21 października pisaliśmy o kolejnej wycince drzew w lesie Zwierzynieckim (szczegóły tutaj). Mimo iż las ten jest na terenie Tarnobrzega i stanowi zielone płuca dla miasta, zarządzany jest przez Nadleśnictwo Nowa Dęba, które teren ten traktuje jak zwykły las gospodarczy, rokrocznie wycinając najcenniejsze gatunkowo i wiekowo drzewa.
Dzięki działaniom członków Stowarzyszenia Wolne Rzeki oraz przychylności Rady Miasta część z nielicznych już niestety starych drzew udało się uchronić, poprzez ustanowienie 62 pomników przyrody (o tym pisaliśmy m.in. tutaj i tutaj). Działania te nie uchronią tego obszaru w całości. Obszaru, liczącego zaledwie 0,86% powierzchni nadleśnictwa.
Po opublikowaniu materiału dotyczącego bieżącej wycinki wysłaliśmy pytania o przyszłość lasu Zwierzynieckiego do Nadleśnictwa Nowa Dęba i do tarnobrzeskiego magistratu.

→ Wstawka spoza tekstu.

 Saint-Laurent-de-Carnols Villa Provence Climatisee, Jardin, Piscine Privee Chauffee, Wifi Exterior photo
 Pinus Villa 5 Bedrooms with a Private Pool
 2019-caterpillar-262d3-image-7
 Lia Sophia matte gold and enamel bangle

Dzisiaj otrzymaliśmy odpowiedź z tarnobrzeskiego samorządu, który zgodnie z treścią e-maila: cyt:
Doskonale zdaje sobie sprawę, że las ten ma charakter wyjątkowy, związany z historią Miasta, pełni funkcje społeczne, rekreacyjne, mikroklimatyczne, a zapewnienia Nadleśnictwa, że zręby gniazdowe i nasadzenia młodników są podstawą trwałości lasu, nie przekonuje zdrowego rozsądku mieszkańców, którzy nie chcą spacerować pośród 2-letnich sadzonek tylko w dorodnym, wykształconym lesie, który samodzielnie się odradza, wysypując corocznie w sposób naturalny miliony nasion.

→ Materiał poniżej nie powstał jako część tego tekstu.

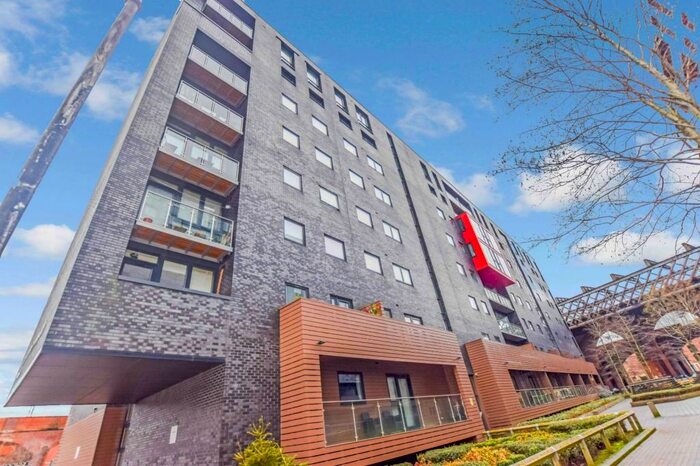 2 Bedroom Flat To Rent In Potato Wharf, Potato Wharf, Castlefield, Manchester, M3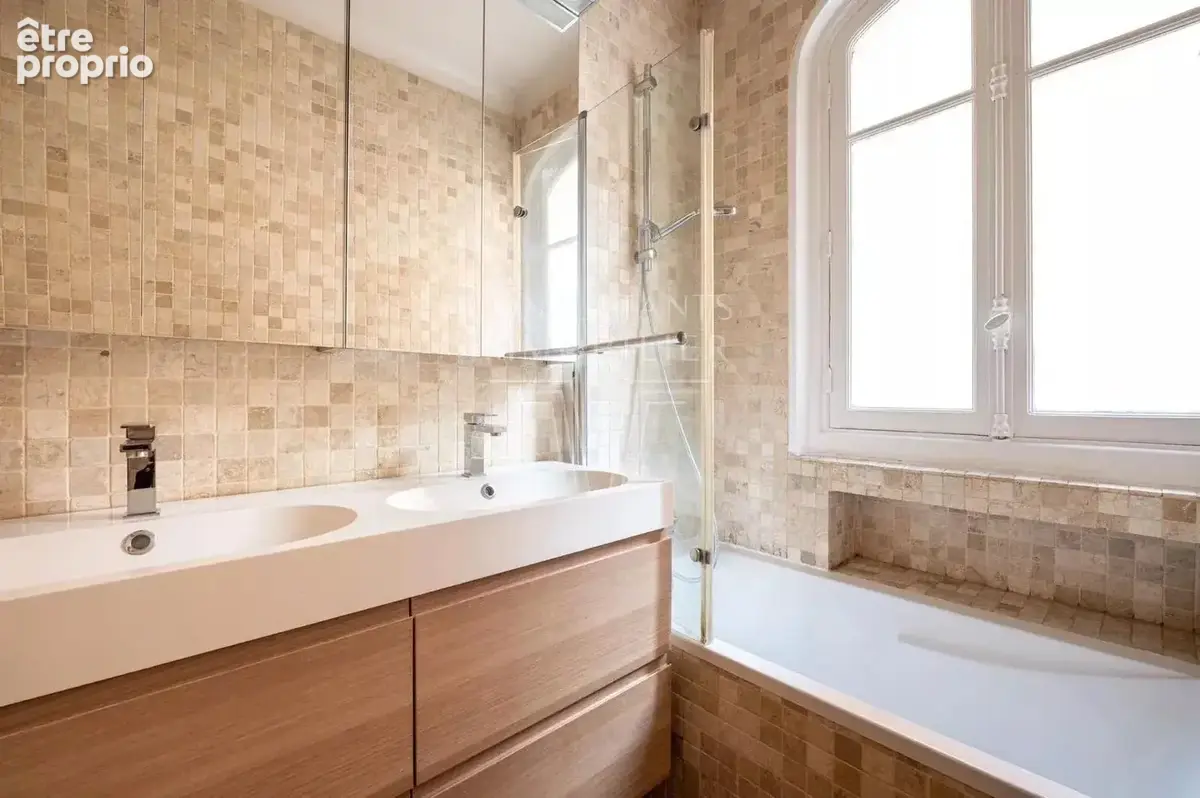 Commerce - appartement deux chambres - photo 11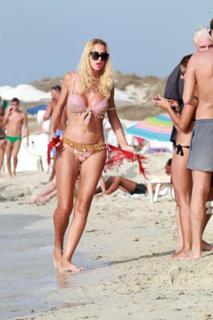 Valeria Marini feet photo thumbnail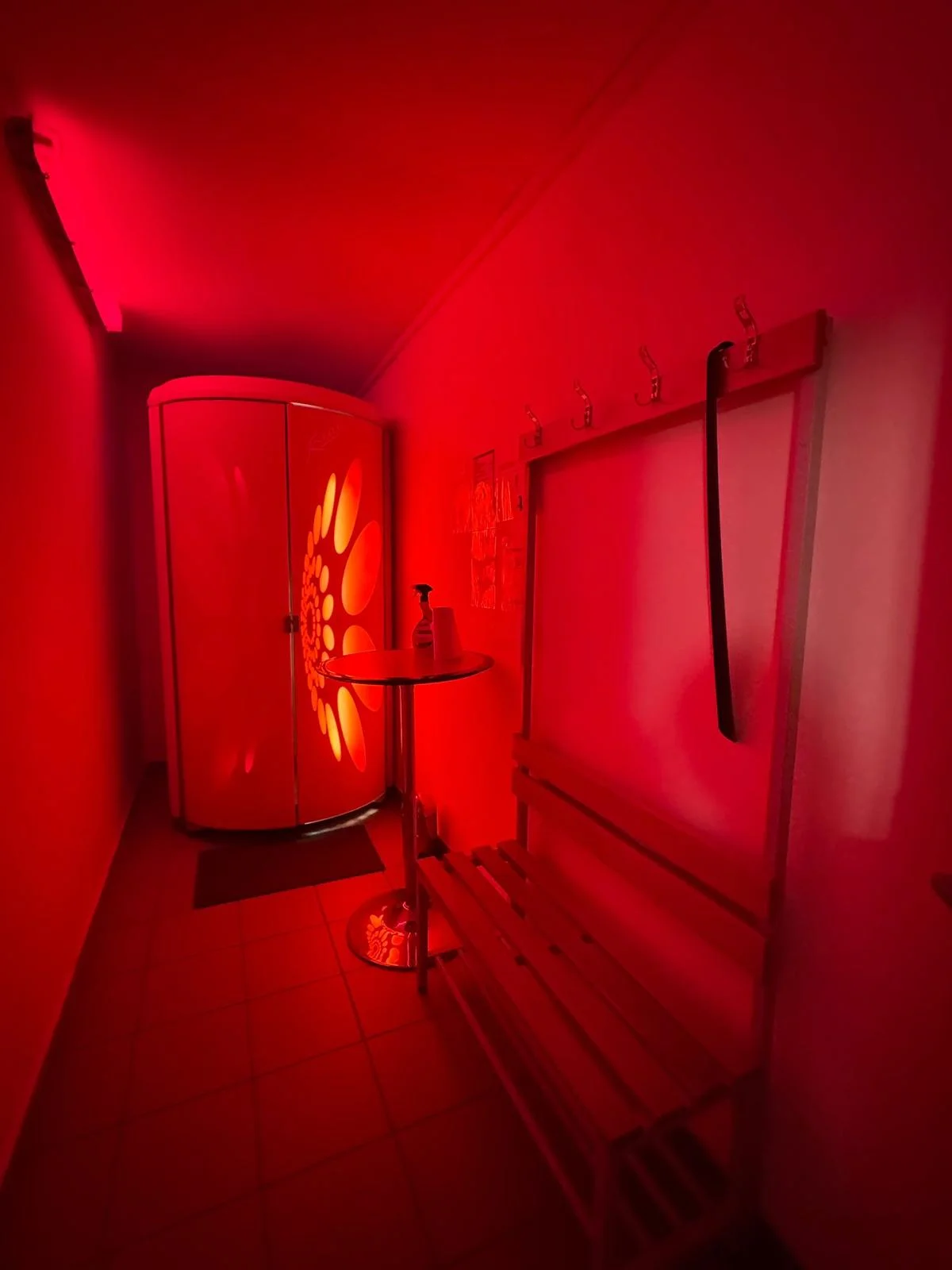 10 nebo 15 min. solária ve stoje ve fitness centru ve Staré Bělé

Samo ustanowienie pomników chroni obecnie najstarsze 100-150 letnie oddziały Lasu Zwierzyniec. Pozostaje więc ochrona pozostałych oddziałów – wprawdzie młodszych, ale służących przyrodzie i mieszkańcom oraz budujących system przyrodniczy Miasta. – koniec cytatu.
Dowiedzieliśmy się również, że cyt:
„24.10.2019 r. Prezydent Tarnobrzega skierował do Nadleśniczego Nadleśnictwa Nowa Dęba pismo, w którym prosi o stanowisko Nadleśnictwa w sprawie statusu lasu ochronnego, certyfikowanego lasu referencyjnego, a także ustosunkowanie się do koncepcji zmiany statusu lasu Zwierzyniec na las komunalny” – koniec cytatu
STANOWCZY SPRZECIW NADLEŚNICTWA W KWESTII ODDANIA ZWIERZYŃCA
Trzeba jednak pamiętać, że kwestia objęcia prawną ochroną całego obszaru lasu Zwierzynieckiego poruszana była już w 2017 r. Wtedy to z apelem do ówczesnych władz miasta o zastopowanie wycinki i przejęcie przez samorząd tego obszaru, zwróciło się do władz miasta 13 stowarzyszeń i organizacji. W marcu 2017 r. doszło do spotkania władz Tarnobrzega w nadleśnictwie. Ustalono wówczas, że do połowy października 2017 r w lesie nie będzie prowadzona wycinka.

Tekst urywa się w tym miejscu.